Поиск «недостающего звена» в ископаемых костях (чем, в основном, заняты исследователи антропогенеза) ничего в людской сути прояснить не может. Единственное, что он до сих пор дал существенного, – доказано отсутствие филогении: родословная человека является не древом, а сетью, что понятно с позиции диатропики.

2. Актиреф, эдвант и новая картина мира

Сразу по завершении в 2000 г. расшифровки генома человека некоторые генетики пришли к выводу, что представления о наследственности и ее роли в онтогенезе должны быть в корне пересмотрены. Ведь у человека нашлось всего 30 тыс. генов (меньше, чем у некоторых растений и низших животных), тогда как одних лишь связей в мозгу человека многие миллиарды, а наследоваться могут даже тонкие черты поведения. В генах записана лишь первичная структура белков (цепь аминокислотных остатков) и способы регулировки их синтеза.

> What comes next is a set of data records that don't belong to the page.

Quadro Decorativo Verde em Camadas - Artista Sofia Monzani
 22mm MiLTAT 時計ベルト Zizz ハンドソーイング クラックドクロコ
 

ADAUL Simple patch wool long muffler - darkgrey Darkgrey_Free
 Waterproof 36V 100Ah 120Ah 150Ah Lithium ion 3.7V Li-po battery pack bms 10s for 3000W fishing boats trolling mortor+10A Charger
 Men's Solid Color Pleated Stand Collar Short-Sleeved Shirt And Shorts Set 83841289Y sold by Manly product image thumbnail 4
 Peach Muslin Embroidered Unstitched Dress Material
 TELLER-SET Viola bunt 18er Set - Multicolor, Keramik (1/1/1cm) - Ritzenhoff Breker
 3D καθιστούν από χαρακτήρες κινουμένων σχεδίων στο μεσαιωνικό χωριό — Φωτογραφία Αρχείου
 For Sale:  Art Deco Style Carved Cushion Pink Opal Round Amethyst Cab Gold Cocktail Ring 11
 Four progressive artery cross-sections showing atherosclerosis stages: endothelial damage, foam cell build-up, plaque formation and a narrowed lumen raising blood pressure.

А остальное – где?

Начиная с 1981 г. обнаружено несколько гомеодоменов (белков, ответственных за внешню формы зародыша, например, за формирование передне-задней оси насекомого), и одно время казалось, что ключ к онтогенезу найден. Однако генов, ответственных за более детальные свойства зародышей, почти не нашлось, а главное – нет никаких сведений о том, как, например, информация «передне-задняя ось» формирует передне-заднюю ось зародыша и т. п. Иными словами, проблема осуществления (о ней см. далее, главу 3) с места не сдвинулась.

Стало видно, что развитие зародыша – не считывание программы, записанной в генах, если понимать их, как принято, а нечто большее, для чего гены лишь дают материал. Другими словами, «век генетики», уверявший, что гены – единственная основа наследственности, кончился. Тем самым, и эволюцию стало невозможно рассматривать просто через изменение генов, как бы таковое ни понимать. «Геноцентрический редукционизм» [Васильевы, 2009, Введение] не дал понимания эволюции, и чтобы понять ее, биология как целое должна указать генетике ее место в ряду иных дисциплин, а не над ними, как было в прежние полвека.